M2SFormer: Multi-Spectral and Multi-Scale Attention with Edge-Aware Difficulty Guidance for Image Forgery Localization
This addresses the challenge of detecting subtle or complex tampering in digital images for applications like forensics and security, representing an incremental improvement over prior deep learning methods.
The paper tackled the problem of pixel-level image forgery localization by proposing M2SFormer, a Transformer-based framework that unifies multi-frequency and multi-scale attentions with edge-aware difficulty guidance, resulting in outperforming existing state-of-the-art models on multiple benchmark datasets with superior generalization.

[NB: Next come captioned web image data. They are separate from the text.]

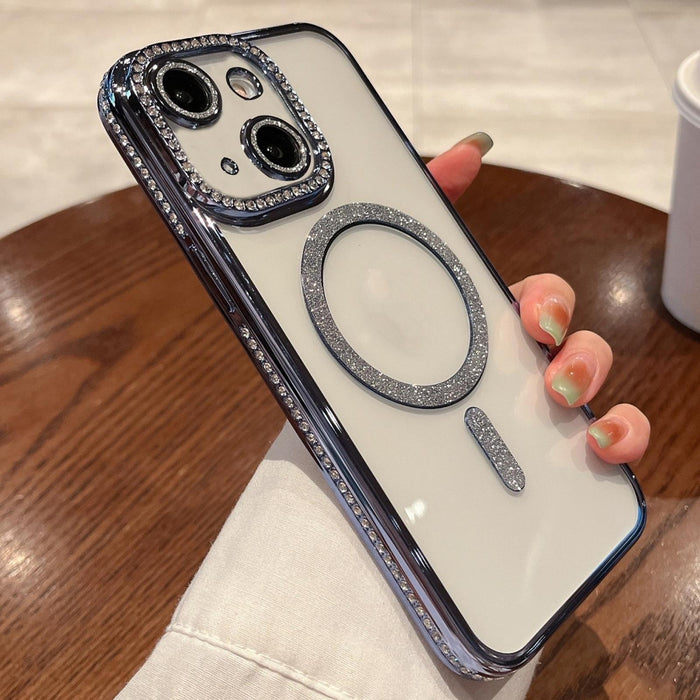 For Iphone 15 Diamond Plated Magsafe Tpu Phone Case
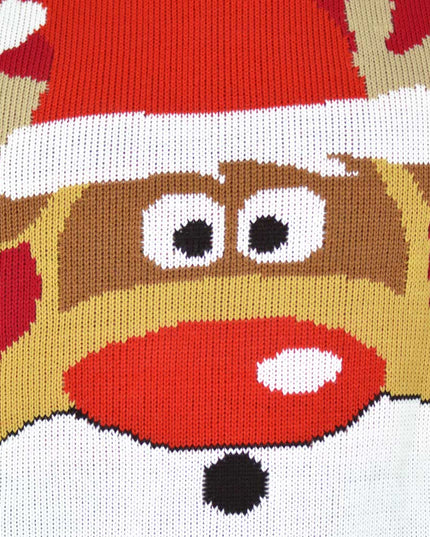 Roter Weihnachtspullover mit Rudolph dem Rentier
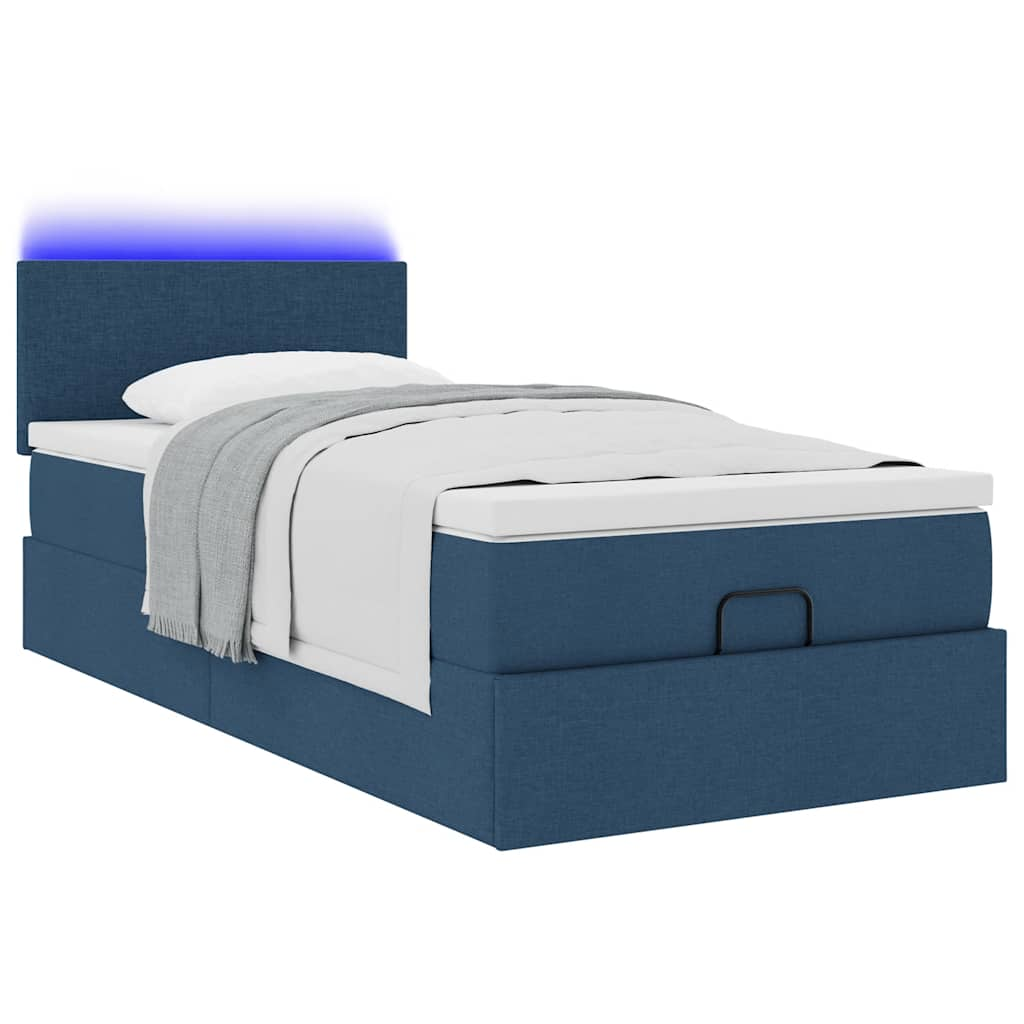 Lit ottoman avec matelas et LED Bleu 90x200 cm Tissu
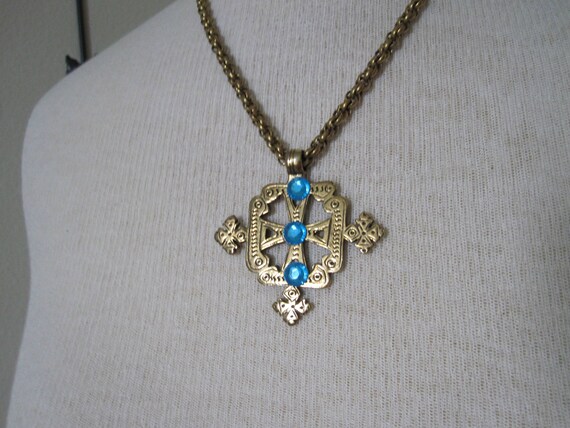 MUSEUM REPLICA BYZANTINE Gold Turquoise Rhineston… - image 3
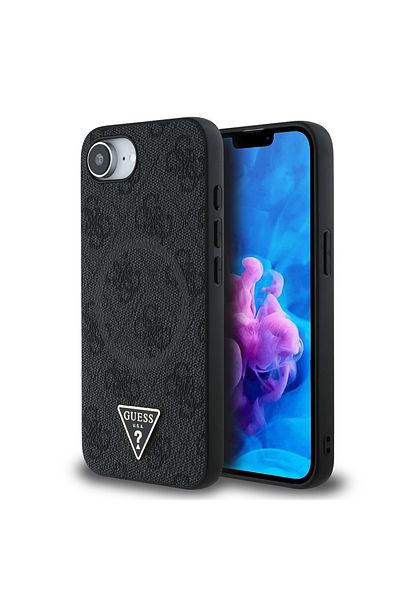 Guess Case For Iphone 16e, 4g Ring Triangle Logo Magsafe, - Black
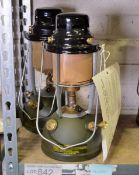 2x Kerosine tilley lamps - green base, black top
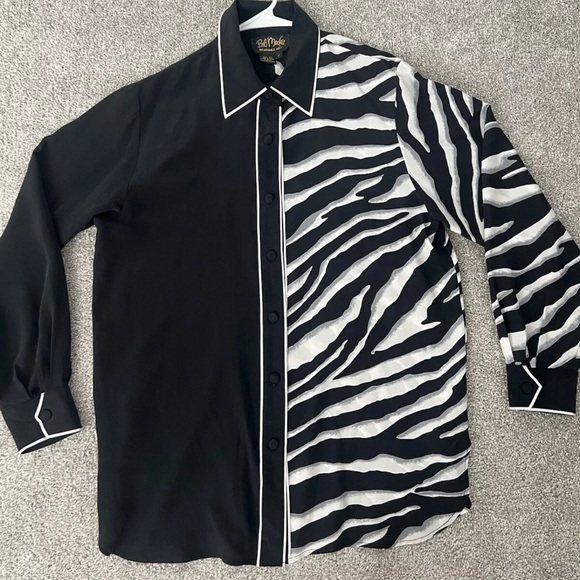VTG Bob Mackie Wearable Art Womens Silk Button Up Blouse Top Black White Zebra M - Picture 2 of 7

Image editing techniques have rapidly advanced, facilitating both innovative use cases and malicious manipulation of digital images. Deep learning-based methods have recently achieved high accuracy in pixel-level forgery localization, yet they frequently struggle with computational overhead and limited representation power, particularly for subtle or complex tampering. In this paper, we propose M2SFormer, a novel Transformer encoder-based framework designed to overcome these challenges. Unlike approaches that process spatial and frequency cues separately, M2SFormer unifies multi-frequency and multi-scale attentions in the skip connection, harnessing global context to better capture diverse forgery artifacts. Additionally, our framework addresses the loss of fine detail during upsampling by utilizing a global prior map, a curvature metric indicating the difficulty of forgery localization, which then guides a difficulty-guided attention module to preserve subtle manipulations more effectively. Extensive experiments on multiple benchmark datasets demonstrate that M2SFormer outperforms existing state-of-the-art models, offering superior generalization in detecting and localizing forgeries across unseen domains.